### RECORDS FOR THIS TASK:
▬▬▬▬▬▬

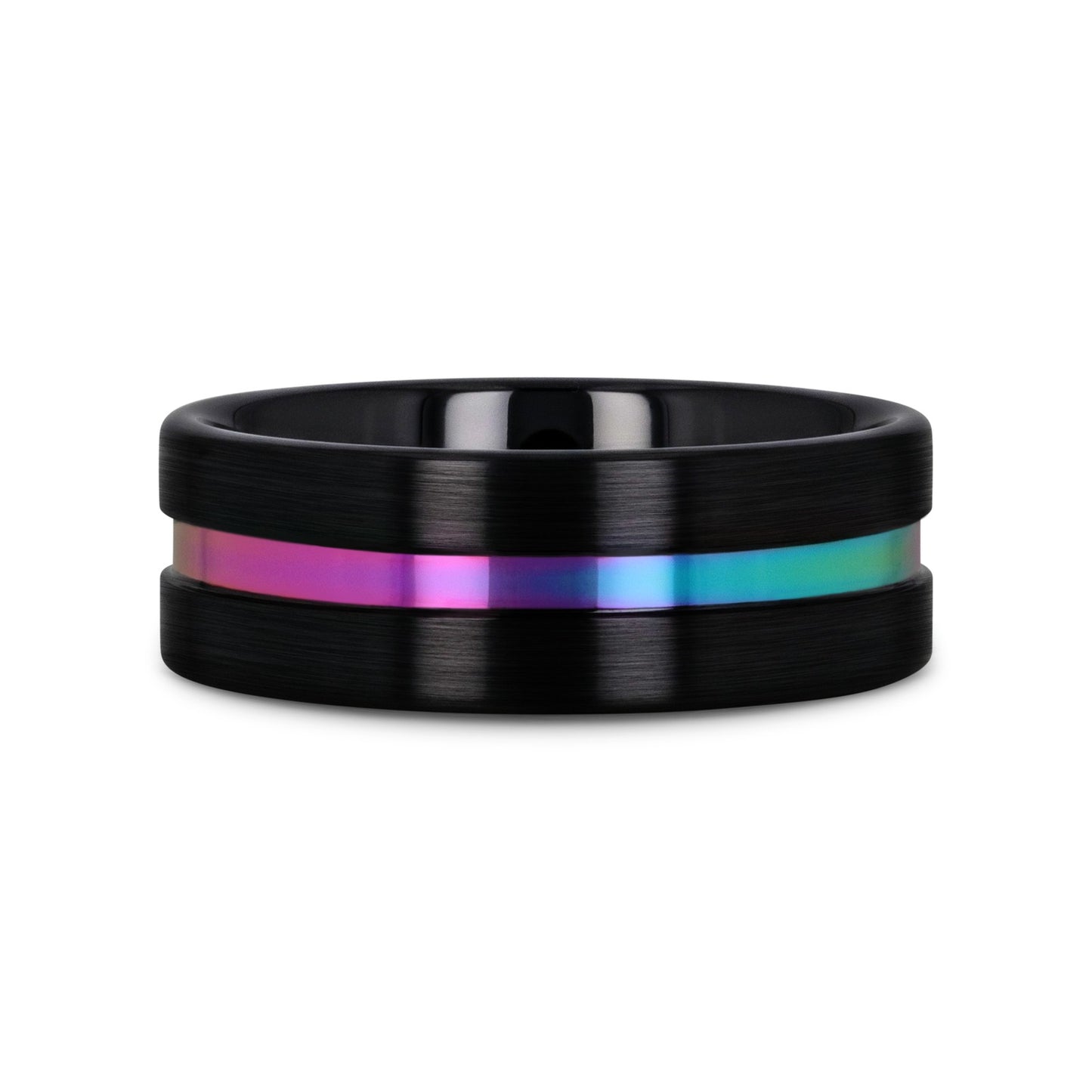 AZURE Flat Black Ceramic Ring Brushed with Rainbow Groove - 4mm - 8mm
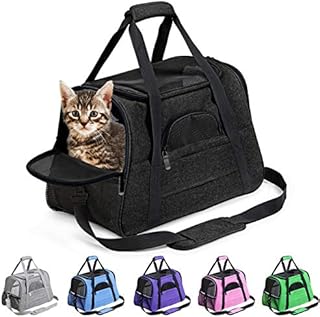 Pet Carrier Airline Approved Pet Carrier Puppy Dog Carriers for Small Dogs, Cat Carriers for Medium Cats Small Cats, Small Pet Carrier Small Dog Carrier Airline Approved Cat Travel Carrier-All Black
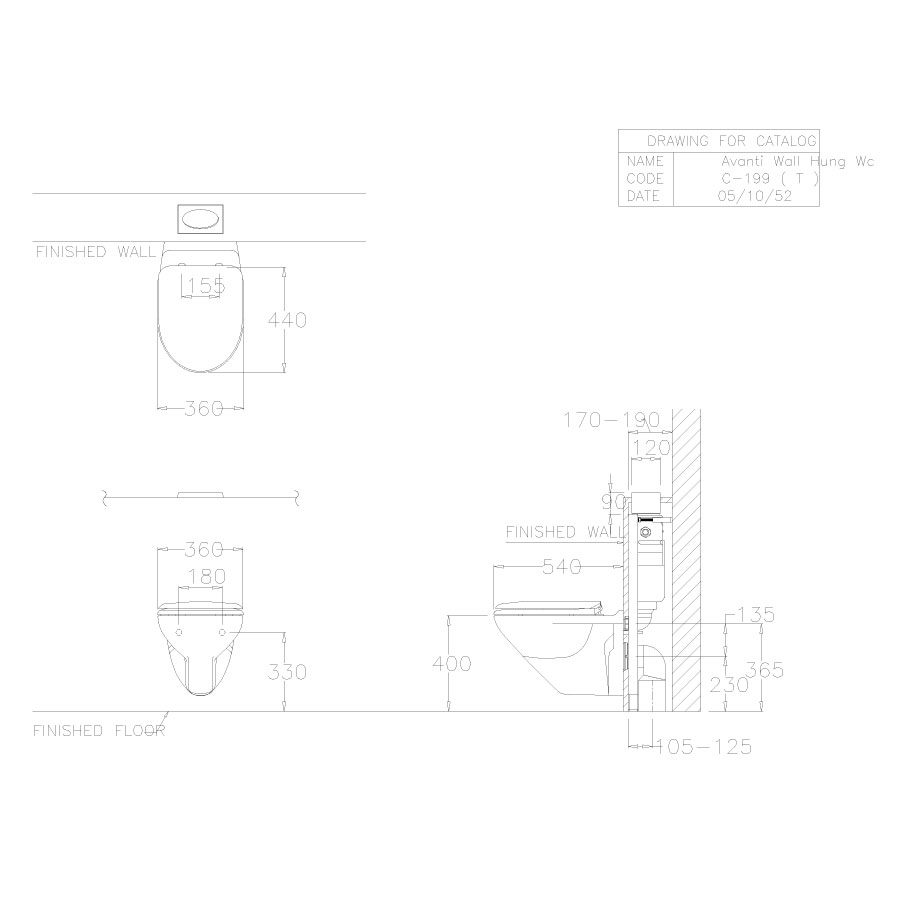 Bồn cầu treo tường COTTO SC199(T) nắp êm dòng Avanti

▬▬▬▬▬▬

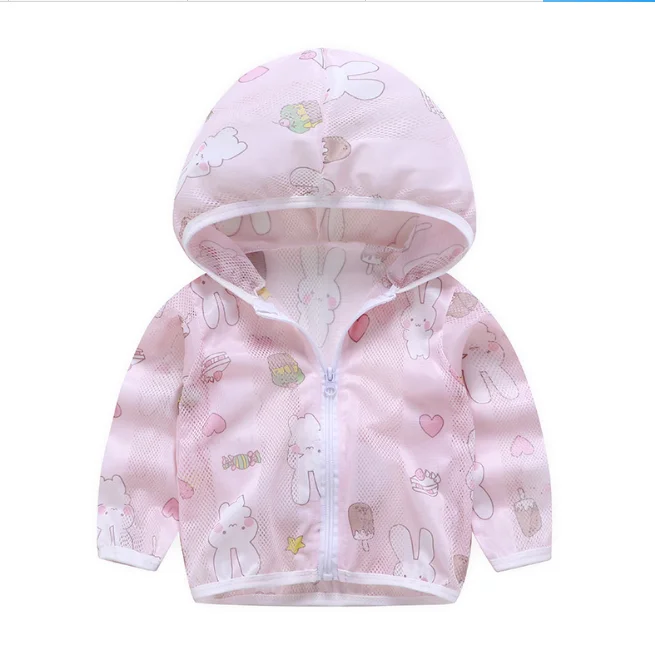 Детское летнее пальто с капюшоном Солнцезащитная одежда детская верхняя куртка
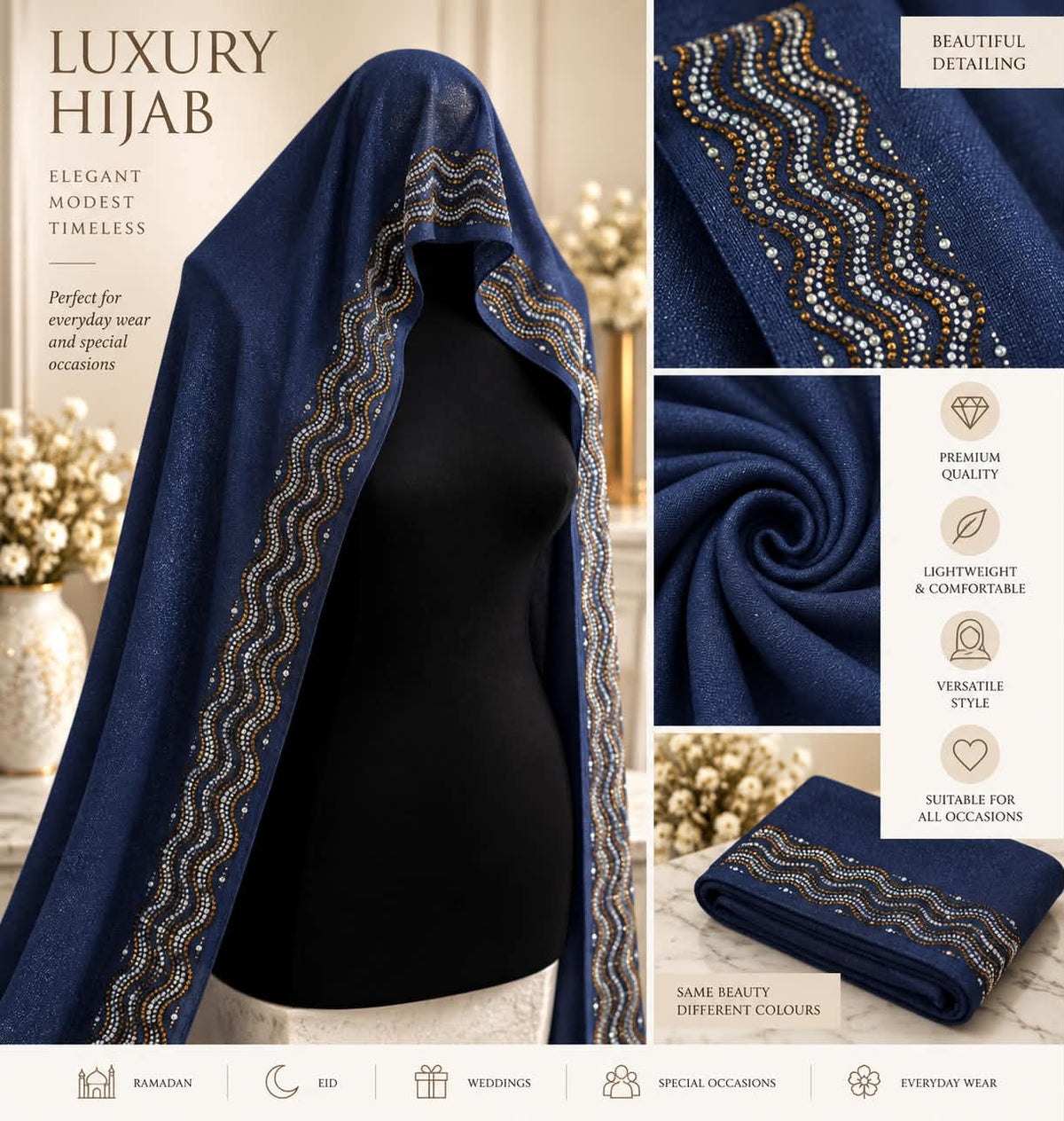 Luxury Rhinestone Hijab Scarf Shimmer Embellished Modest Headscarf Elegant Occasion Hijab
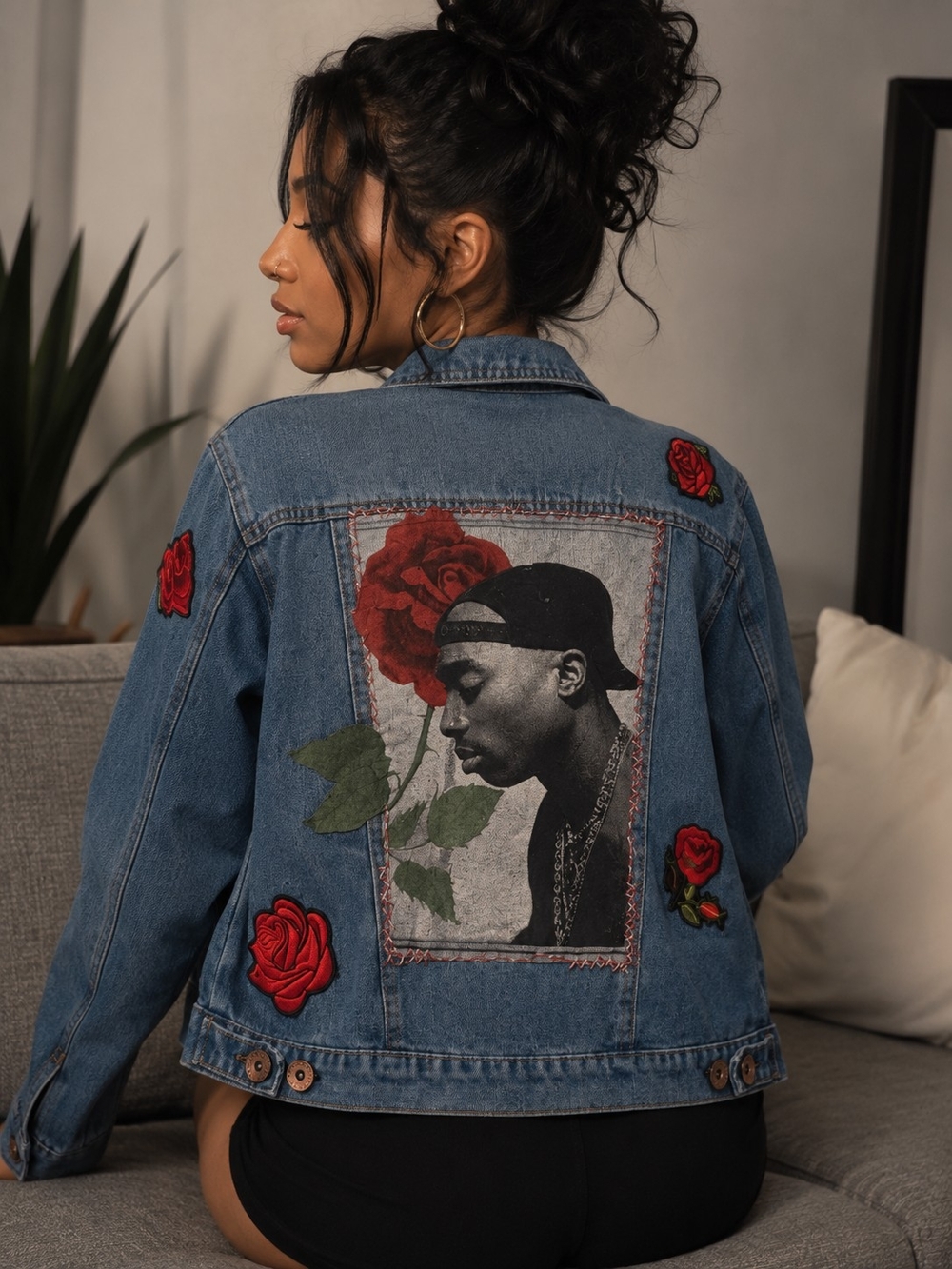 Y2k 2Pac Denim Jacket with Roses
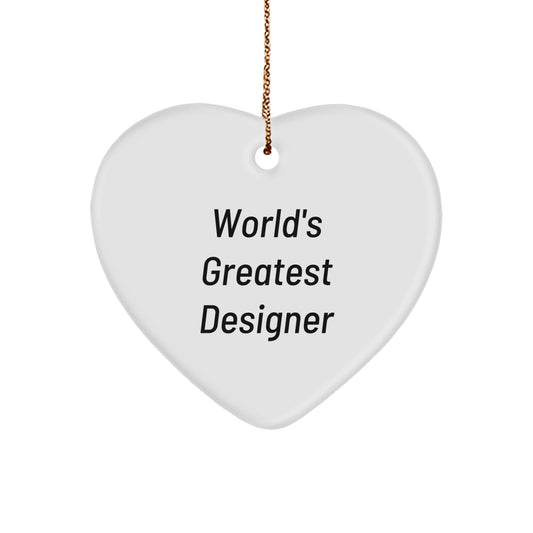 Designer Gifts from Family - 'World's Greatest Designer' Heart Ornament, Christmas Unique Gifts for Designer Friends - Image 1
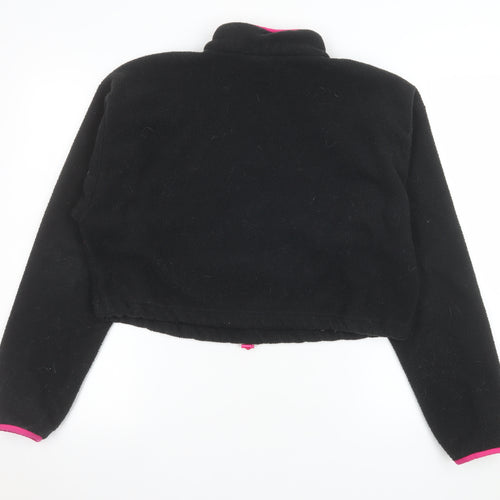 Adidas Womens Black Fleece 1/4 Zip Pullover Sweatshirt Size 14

▬▬▬▬▬▬

Given the entries above, transcribe exactly the lines from the one holding "AZURE Flat Black" through the one holding "Bồn cầu treo"; pictures do not belong in the transcription.

 AZURE Flat Black Ceramic Ring Brushed with Rainbow Groove - 4mm - 8mm
 Pet Carrier Airline Approved Pet Carrier Puppy Dog Carriers for Small Dogs, Cat Carriers for Medium Cats Small Cats, Small Pet Carrier Small Dog Carrier Airline Approved Cat Travel Carrier-All Black
 Bồn cầu treo tường COTTO SC199(T) nắp êm dòng Avanti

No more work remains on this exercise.